Dana: "Johnny Smith. You had to go piss off Mayberry."

Road trip. Bad idea.

This episode reminded me of a creepy short story I read as a teenager, about a guy on a road trip who was stopped for speeding in a small town where the townfolk had sharp, pointed teeth – and the Twilight Zone twist was that they had a town barbecue, with our guy as the entree.

We can sort of see things from Deputy Simmons's point of view – small town, big murder, Johnny and Bruce were strangers, and Johnny did have something to do with a famous serial murder case. I could see the hysteria driving the nice townspeople of Hobbs Landing to beat up Johnny; I could even sort of accept them trying to lynch him. But burning someone at the stake for witchcraft in this day and age? I just didn't buy it, and for me, this episode just didn't click.

Bruce, a black man with dreadlocks, looked particularly out of place among the all white New Englanders, and there was definitely a strong feel of small-town racism and ignorance in them beating up Bruce and persecuting Johnny. "Dreadlocks, warlocks... fellow travelers if you ask me." Maybe they should have done an episode about prejudice instead of witchcraft. Okay, okay, I know that the witchcraft thing could be a metaphor, but still.

When Johnny asked him for help, Purdy was at first ready to mount up, but he decided to reneg because of his new "political alliances." (Greg Stillson?) That was disappointing; I expected better from Purdy. At least he sent Dana to help Johnny. Dana, who is usually abrasive and prickly, was uncharacteristically pretty darned nice throughout. She even gave Bruce her car.

Bits and pieces:

— Anthony Michael Hall was particularly good in the scene where he was touching the evidence and channeling the killer. But then again, he's always good.

— Mommy killer and Johnny both chanted the name, Baphomet.

— The sign said, "Hobbs Landing - Pop. 2735 - "The Town That Time Forgot." Hobbs Landing is supposedly along the coast of Massachusetts, which brings Salem to mind. Would a town as small as Hobbs Landing even have its own courthouse?

— Johnny and Bruce don't like the same music, and Johnny isn't interested in plunging into what's currently hot. "You're so far behind now, it's like you're going in reverse."

— Johnny was so concerned for Bruce's safety that he was actually nasty to Bruce in order to get him out of town. Didn't work, but it was sweet of Johnny, just the same.

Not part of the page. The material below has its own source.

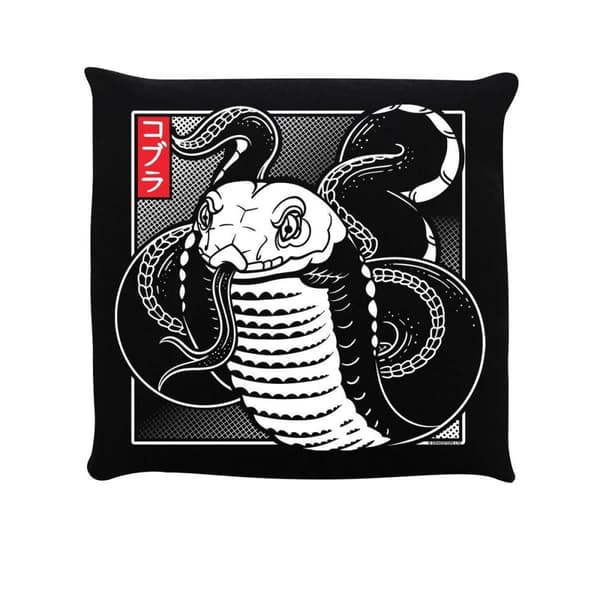 Unorthodox Collective Oriental Cobra Cushion Black One Size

— Sarah, Walt, and little Johnny were conveniently out camping and couldn't help Johnny; they weren't in this episode at all.

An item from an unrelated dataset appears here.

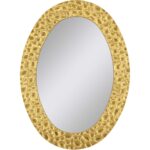 46" Gold Oval Accent Mirror - Image 2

— "Witchcraft? That's a word spin doctors dream about."

This was my least favorite episode of the first season. The other courtroom drama, "Unreasonable Doubt," was wildly better.

One out of four stars,

Billie Doux loves good television and spends way too much time writing about it.


  1. I didn't connect with this episode at all. The story was absurd and the law was bad.

    Each season has to have the dud episode -- methinks this one qualifies.

  2. My main problem with the episode is the "nice" ending. I would have appreciated seeing the stupid mass pay for their crimes of hysteria. How about a law suit for medical bills? The deputy losing her job? Some semblance of justice besides the small hint of all being under arrest? The father being charged with accessory after the fact? Obstruction of justice? I'm supposed to be happy with just seeing the main characters survive? No, I don't think so.

  3. Billet, I disliked what I saw of Dead Zone. I won't say why, because it might hurt your feelings, and I like you.

    But thanks for the cast list. David Stiers is a favorite, and for more than M.A.S.H. Did some great work in films.